# TASK STATEMENT:
The first line of the data below and every line after it, through the one with "Светильник Ambrella light", must be transcribed without change.
BEGIN
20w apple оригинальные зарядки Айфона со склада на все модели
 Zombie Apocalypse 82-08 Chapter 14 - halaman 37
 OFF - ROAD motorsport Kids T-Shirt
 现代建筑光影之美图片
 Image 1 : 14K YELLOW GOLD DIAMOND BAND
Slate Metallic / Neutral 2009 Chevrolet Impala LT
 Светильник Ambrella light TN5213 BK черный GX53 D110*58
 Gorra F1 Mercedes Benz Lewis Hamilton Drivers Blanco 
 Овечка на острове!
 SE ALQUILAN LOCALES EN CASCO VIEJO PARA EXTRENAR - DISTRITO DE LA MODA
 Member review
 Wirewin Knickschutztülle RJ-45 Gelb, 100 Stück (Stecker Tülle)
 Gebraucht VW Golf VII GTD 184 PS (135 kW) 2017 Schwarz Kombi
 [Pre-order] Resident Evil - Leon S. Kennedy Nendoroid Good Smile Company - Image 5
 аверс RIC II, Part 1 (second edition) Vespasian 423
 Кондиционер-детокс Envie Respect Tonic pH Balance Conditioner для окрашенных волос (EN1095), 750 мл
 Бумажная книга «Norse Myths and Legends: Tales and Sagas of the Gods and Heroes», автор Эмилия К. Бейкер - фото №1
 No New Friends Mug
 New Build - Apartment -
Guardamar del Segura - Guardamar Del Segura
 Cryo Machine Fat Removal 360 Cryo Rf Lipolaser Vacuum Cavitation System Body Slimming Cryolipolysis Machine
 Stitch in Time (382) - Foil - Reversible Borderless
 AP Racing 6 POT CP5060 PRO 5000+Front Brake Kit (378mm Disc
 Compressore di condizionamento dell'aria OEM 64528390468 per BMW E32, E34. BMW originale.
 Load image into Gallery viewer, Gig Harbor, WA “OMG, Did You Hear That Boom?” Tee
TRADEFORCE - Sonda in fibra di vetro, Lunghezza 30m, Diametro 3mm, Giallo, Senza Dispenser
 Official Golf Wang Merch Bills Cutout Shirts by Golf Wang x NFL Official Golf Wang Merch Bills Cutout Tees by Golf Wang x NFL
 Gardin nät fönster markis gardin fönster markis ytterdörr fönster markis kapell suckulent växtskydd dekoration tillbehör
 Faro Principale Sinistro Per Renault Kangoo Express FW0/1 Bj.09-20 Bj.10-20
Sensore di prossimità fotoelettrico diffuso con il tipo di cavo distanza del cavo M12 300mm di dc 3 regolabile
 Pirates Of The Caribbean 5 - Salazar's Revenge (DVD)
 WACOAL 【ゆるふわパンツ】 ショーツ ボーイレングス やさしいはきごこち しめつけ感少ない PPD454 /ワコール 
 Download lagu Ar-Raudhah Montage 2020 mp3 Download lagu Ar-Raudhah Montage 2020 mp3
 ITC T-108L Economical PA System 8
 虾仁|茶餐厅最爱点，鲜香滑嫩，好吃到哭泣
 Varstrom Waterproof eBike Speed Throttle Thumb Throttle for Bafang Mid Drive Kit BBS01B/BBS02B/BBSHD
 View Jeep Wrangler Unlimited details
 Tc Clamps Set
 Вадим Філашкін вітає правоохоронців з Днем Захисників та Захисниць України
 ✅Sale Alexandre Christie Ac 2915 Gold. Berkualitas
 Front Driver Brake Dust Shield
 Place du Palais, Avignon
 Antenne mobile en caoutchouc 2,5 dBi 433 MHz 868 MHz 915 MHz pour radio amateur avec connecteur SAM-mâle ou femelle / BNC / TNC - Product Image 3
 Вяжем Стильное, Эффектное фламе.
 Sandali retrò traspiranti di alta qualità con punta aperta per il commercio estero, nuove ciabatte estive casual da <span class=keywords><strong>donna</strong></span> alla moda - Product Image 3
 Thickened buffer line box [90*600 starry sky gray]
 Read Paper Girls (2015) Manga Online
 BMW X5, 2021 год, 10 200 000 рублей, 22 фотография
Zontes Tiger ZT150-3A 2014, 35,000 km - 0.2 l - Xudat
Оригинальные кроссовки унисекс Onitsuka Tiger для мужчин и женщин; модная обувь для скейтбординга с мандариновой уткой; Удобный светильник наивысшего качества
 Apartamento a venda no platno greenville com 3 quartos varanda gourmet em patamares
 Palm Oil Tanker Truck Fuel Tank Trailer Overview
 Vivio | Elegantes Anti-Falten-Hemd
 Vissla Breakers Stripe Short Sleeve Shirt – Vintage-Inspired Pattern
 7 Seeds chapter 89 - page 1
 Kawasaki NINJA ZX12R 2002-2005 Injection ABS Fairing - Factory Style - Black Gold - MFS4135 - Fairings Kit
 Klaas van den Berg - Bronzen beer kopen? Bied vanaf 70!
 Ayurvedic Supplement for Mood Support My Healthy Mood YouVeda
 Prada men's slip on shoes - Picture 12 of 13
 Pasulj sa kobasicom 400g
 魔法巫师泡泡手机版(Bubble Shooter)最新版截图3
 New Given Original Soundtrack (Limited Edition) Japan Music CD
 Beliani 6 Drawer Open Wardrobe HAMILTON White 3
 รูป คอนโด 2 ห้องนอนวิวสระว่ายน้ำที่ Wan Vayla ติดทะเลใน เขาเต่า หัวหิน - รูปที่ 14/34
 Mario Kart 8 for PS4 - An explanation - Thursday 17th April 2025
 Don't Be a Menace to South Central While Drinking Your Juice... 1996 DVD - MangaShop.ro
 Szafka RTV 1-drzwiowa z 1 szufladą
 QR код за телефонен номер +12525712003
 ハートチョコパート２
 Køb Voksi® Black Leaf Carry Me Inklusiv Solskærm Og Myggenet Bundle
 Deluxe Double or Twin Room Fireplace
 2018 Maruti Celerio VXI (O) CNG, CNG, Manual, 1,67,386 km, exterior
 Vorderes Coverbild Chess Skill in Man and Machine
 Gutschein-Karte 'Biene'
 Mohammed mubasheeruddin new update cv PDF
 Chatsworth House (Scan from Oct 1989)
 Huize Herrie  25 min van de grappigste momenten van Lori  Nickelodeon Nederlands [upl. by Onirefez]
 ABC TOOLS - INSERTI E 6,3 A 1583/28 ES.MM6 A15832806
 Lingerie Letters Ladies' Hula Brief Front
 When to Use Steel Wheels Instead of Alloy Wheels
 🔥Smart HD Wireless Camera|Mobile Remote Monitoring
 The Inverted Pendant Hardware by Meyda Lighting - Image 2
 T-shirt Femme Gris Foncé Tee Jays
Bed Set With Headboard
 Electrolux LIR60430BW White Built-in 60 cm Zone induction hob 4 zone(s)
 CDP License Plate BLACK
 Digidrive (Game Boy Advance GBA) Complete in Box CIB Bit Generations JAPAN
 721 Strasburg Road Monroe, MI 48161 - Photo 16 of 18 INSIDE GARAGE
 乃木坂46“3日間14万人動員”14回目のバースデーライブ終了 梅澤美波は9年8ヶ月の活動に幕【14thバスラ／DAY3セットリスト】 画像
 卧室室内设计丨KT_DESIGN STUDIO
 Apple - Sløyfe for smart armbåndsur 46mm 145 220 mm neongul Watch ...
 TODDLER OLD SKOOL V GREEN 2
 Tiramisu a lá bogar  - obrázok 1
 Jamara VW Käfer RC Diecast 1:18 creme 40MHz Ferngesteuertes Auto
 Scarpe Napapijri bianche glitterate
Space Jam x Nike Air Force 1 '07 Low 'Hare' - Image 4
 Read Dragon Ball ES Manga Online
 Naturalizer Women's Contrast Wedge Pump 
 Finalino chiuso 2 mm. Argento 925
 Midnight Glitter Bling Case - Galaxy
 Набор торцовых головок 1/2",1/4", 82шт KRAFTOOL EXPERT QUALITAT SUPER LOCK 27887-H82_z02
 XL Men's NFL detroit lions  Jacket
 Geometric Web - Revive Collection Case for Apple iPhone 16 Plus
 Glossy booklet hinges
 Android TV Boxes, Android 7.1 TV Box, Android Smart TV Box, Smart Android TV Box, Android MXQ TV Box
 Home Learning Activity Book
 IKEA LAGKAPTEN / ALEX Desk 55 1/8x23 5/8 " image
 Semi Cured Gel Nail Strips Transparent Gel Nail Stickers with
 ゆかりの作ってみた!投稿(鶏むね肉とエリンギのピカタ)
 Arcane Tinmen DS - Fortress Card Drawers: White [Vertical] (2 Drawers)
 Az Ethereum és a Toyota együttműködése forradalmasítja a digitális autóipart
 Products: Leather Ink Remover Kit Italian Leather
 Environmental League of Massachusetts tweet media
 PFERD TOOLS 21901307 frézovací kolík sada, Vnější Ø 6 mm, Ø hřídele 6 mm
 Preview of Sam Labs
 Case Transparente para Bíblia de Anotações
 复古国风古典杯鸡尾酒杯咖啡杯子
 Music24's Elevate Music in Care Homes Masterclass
END
# THE ANSWER:
20w apple оригинальные зарядки Айфона со склада на все модели
 Zombie Apocalypse 82-08 Chapter 14 - halaman 37
 OFF - ROAD motorsport Kids T-Shirt
 现代建筑光影之美图片
 Image 1 : 14K YELLOW GOLD DIAMOND BAND
Slate Metallic / Neutral 2009 Chevrolet Impala LT
 Светильник Ambrella light TN5213 BK черный GX53 D110*58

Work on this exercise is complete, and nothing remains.